● **Data under study**

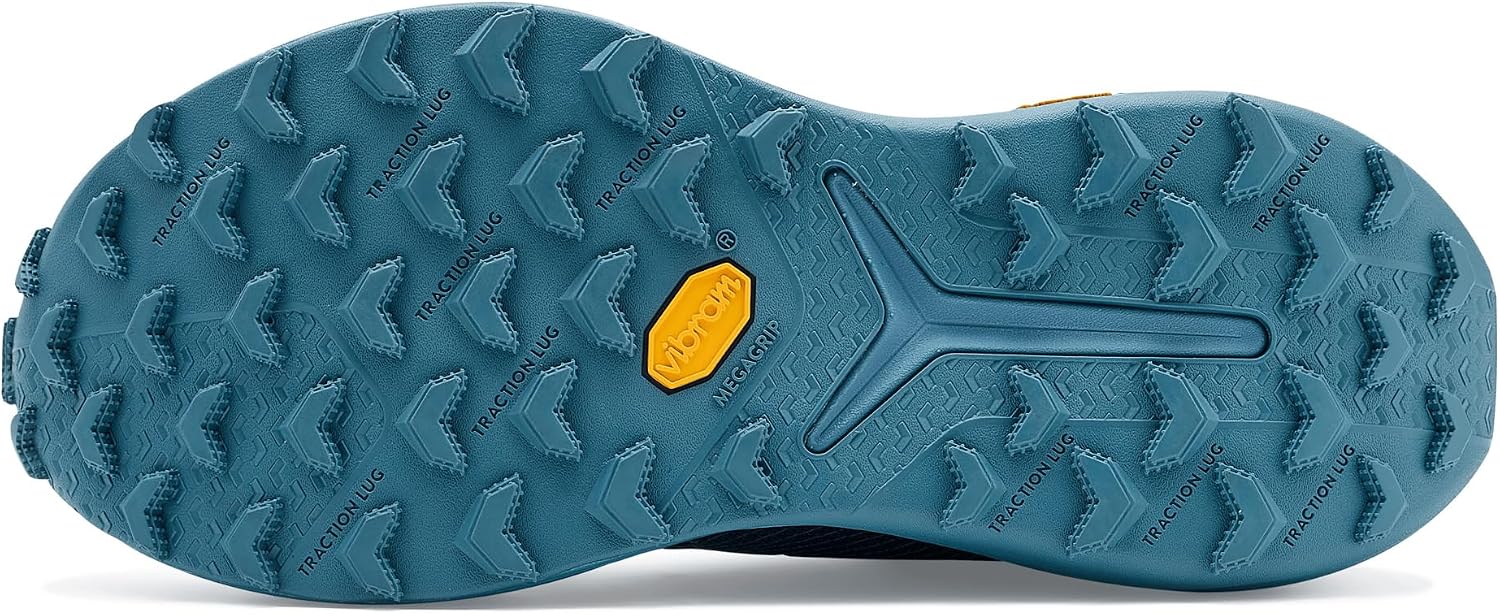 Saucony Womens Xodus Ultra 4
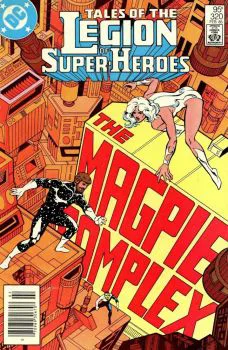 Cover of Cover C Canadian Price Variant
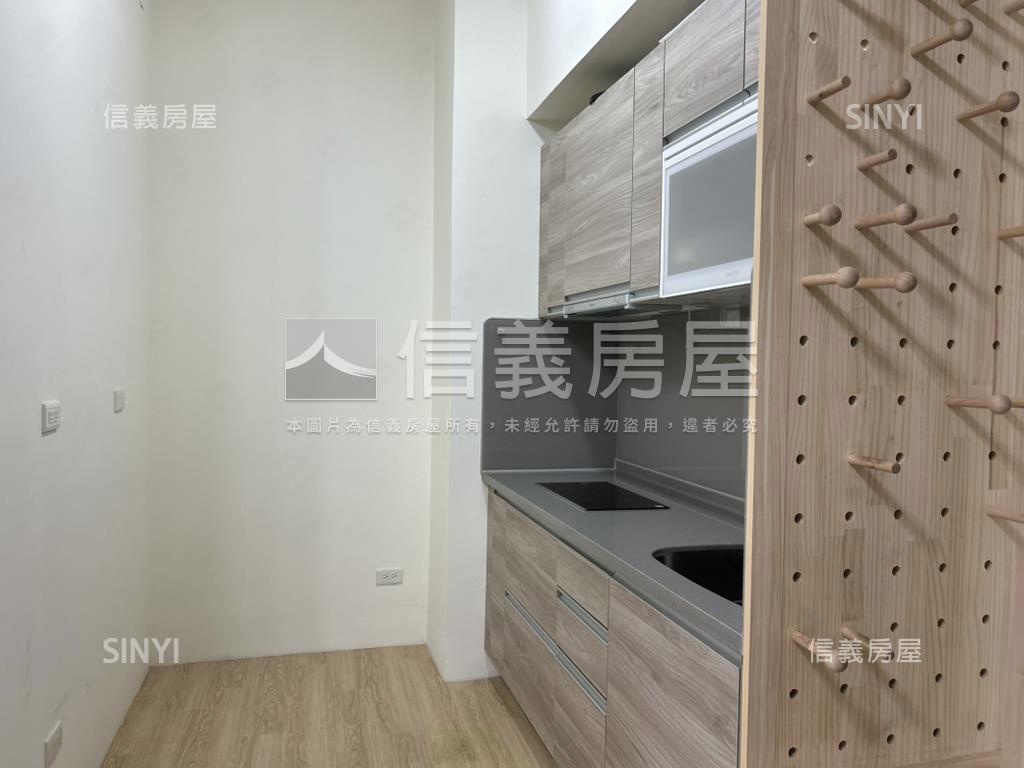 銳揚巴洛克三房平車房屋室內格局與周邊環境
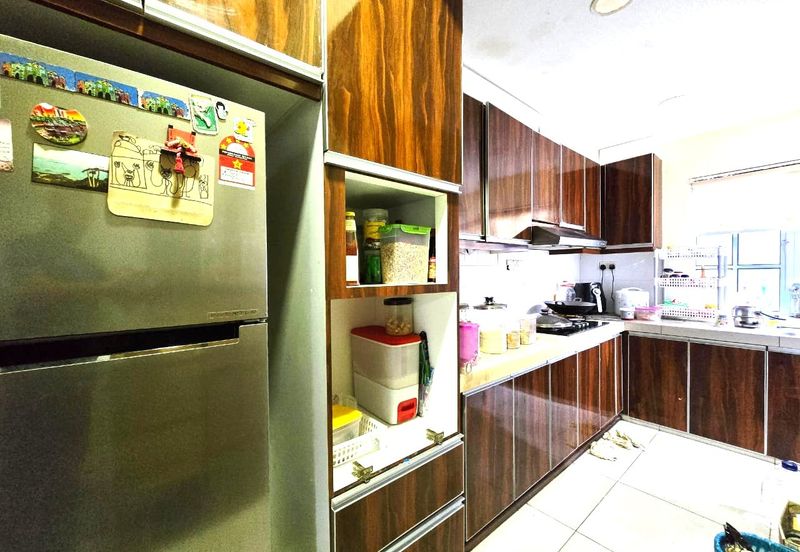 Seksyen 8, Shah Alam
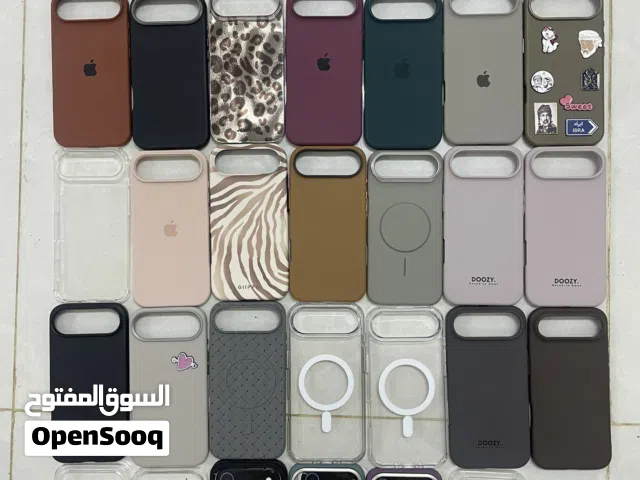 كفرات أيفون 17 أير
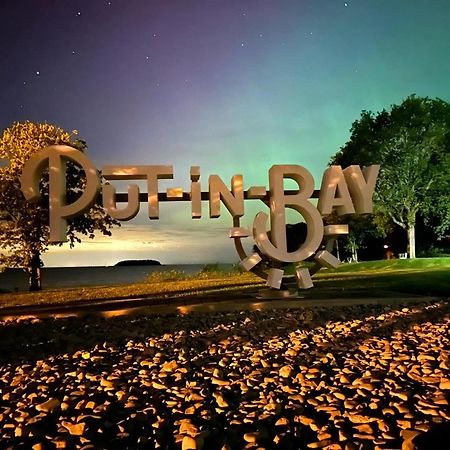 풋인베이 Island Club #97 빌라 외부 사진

● **Task statement**
What you give back must match the entries exactly, apart from the omitted pictures.

● **Solution**
 Saucony Womens Xodus Ultra 4
 Cover of Cover C Canadian Price Variant
 銳揚巴洛克三房平車房屋室內格局與周邊環境
 Seksyen 8, Shah Alam
 كفرات أيفون 17 أير
 풋인베이 Island Club #97 빌라 외부 사진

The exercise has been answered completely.